◆ WHAT YOU HAVE TO DO ◆
Verbatim copy, pictures excluded: every line from the one with "Load image into" through the final line of the data below, and no other line.

◆ EXTRACTED ENTRIES ◆
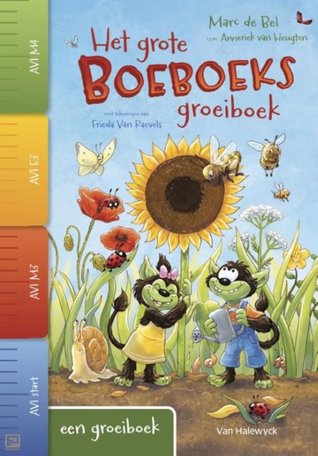 Het grote Boeboeksgroeiboek (Hardcover)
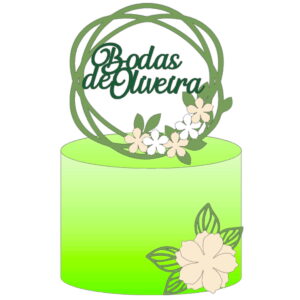 Arquivo Corte: Topo de Bodas 002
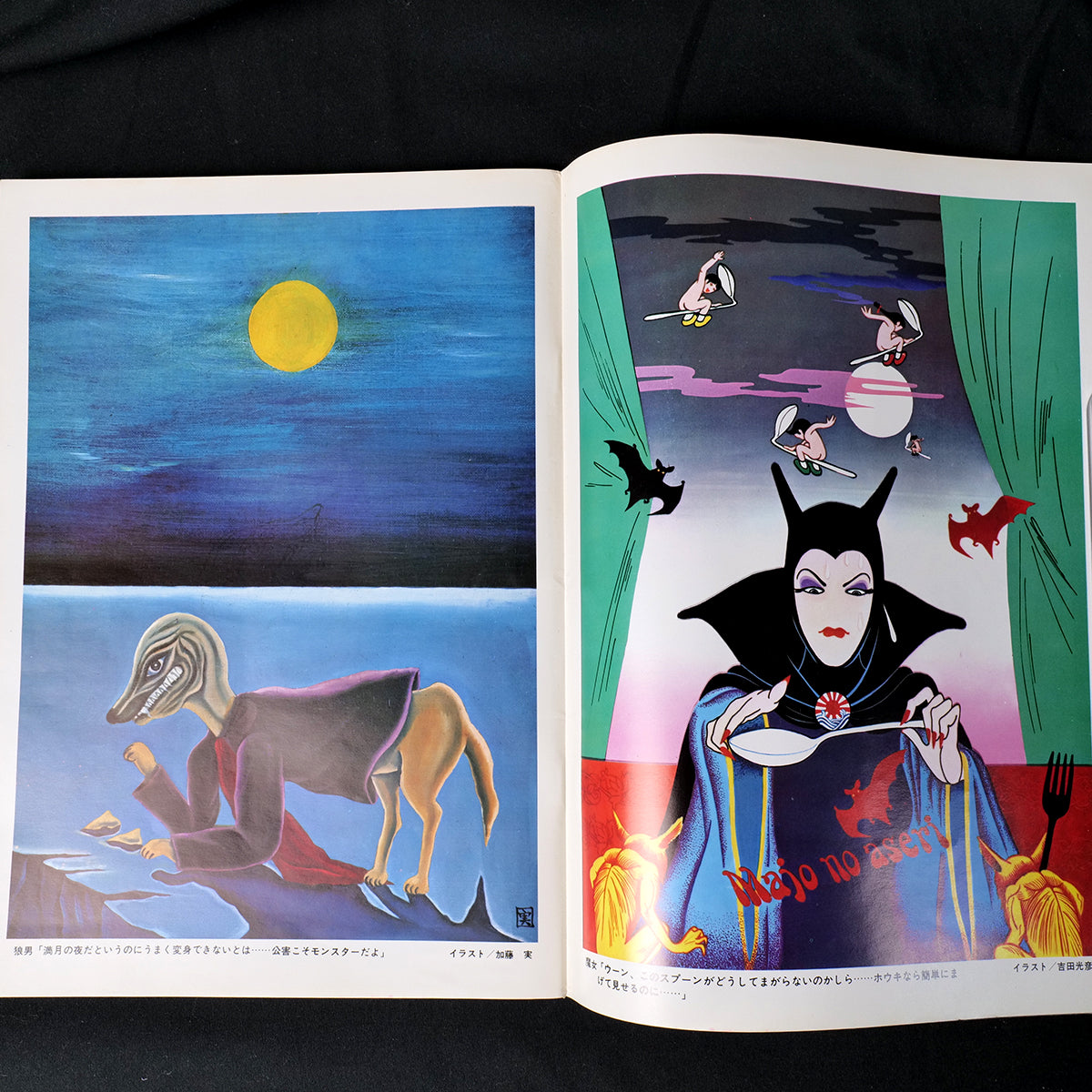 Top Punch Occult Special (1974)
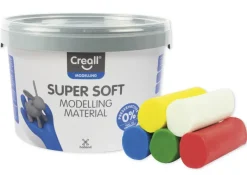 Set Supersoft-Knete, 1.750 g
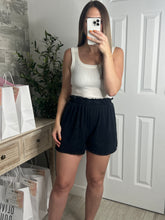 Load image into Gallery viewer, Sherry White Tank Top
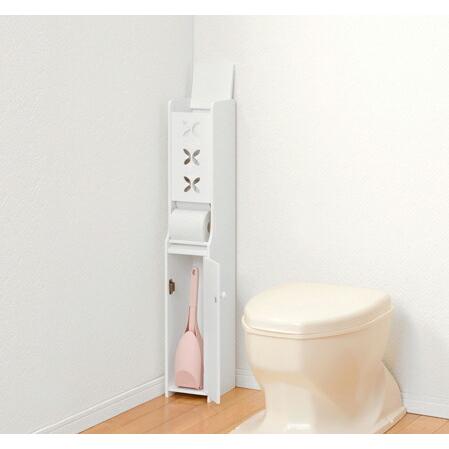 ランドリーラック 洗面所 トイレラック スリム 細い 薄型 隙間 すきま 収納 ラック ランドリー キッチン タオル サニタリー ボックス 棚 大容量 安い 脱衣所 下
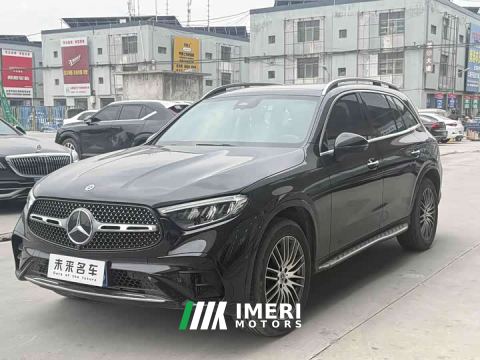 2024 Mercedes-Benz GLC 300 L 4MATIC Dynamic 5-Seater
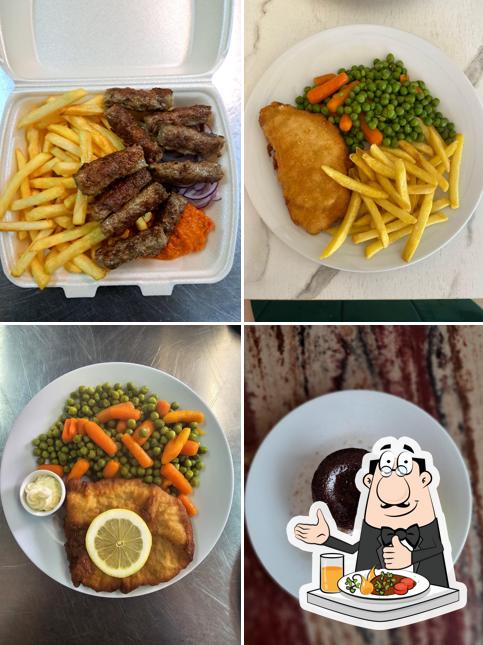 Cibo al Bistro Marenda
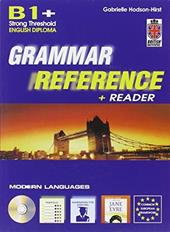 Grammar reference B1 plus.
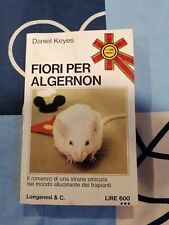 Fiori per algernon usato  Orco Feglino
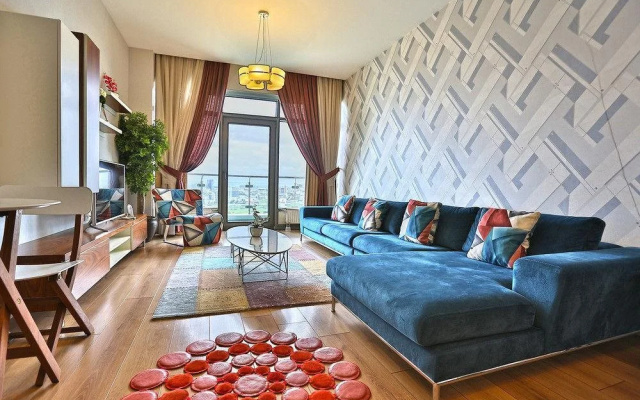 Evren Istanbul Hotel Apartments
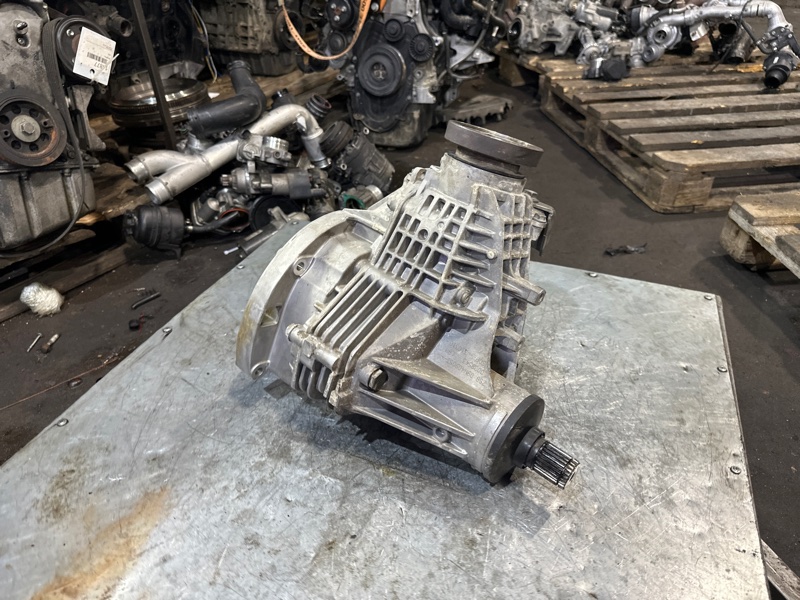 Раздатка редуктор, 95000 рублей, Москва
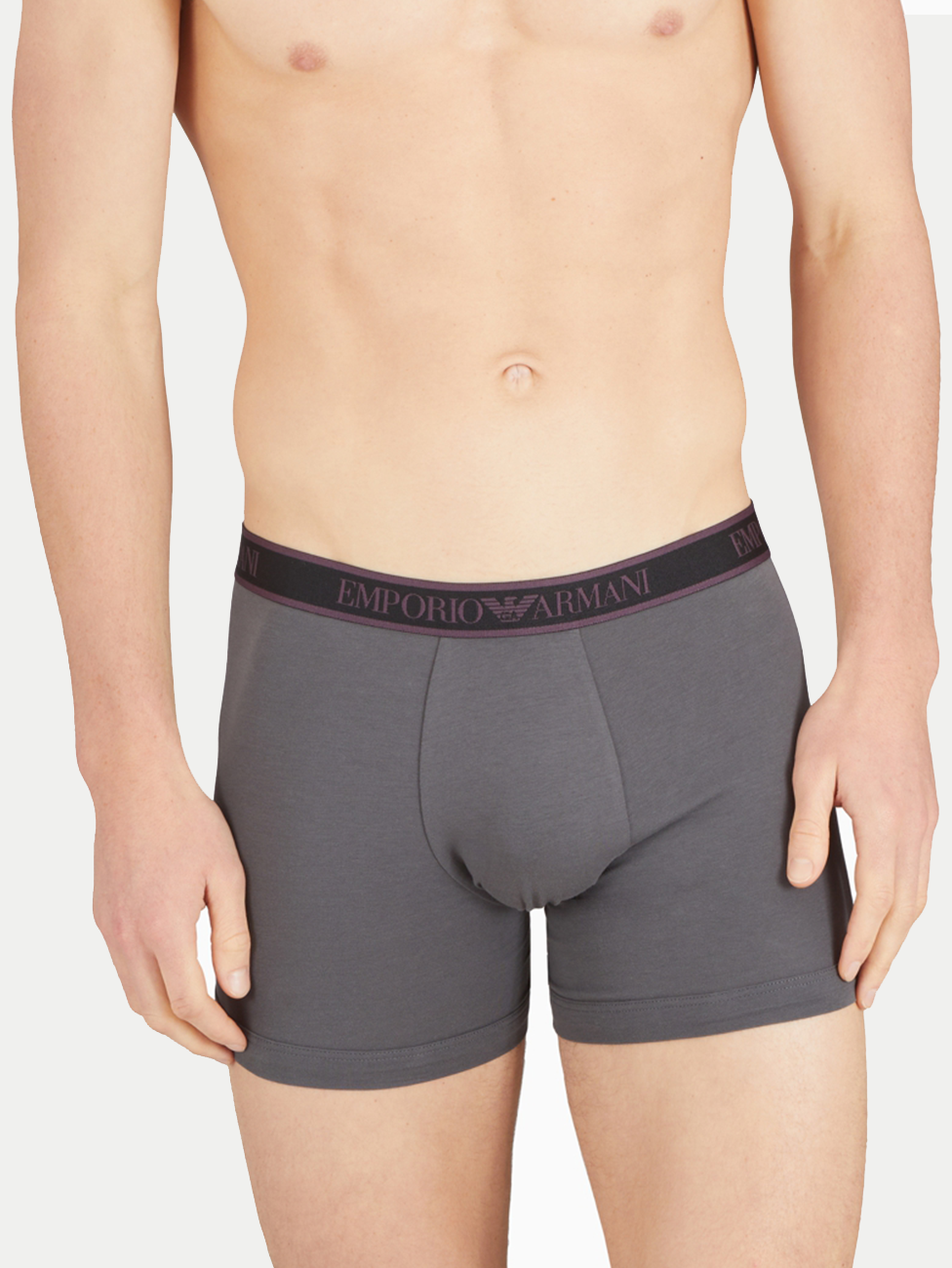 Emporio Armani Boxer Briefs (Pack of 3)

◆ OUTPUT OF THE TASK ◆
 Load image into Gallery viewer, Sherry White Tank Top
 ランドリーラック 洗面所 トイレラック スリム 細い 薄型 隙間 すきま 収納 ラック ランドリー キッチン タオル サニタリー ボックス 棚 大容量 安い 脱衣所 下
 2024 Mercedes-Benz GLC 300 L 4MATIC Dynamic 5-Seater
 Cibo al Bistro Marenda
 Grammar reference B1 plus.
 Fiori per algernon usato  Orco Feglino
 Evren Istanbul Hotel Apartments
 Раздатка редуктор, 95000 рублей, Москва
 Emporio Armani Boxer Briefs (Pack of 3)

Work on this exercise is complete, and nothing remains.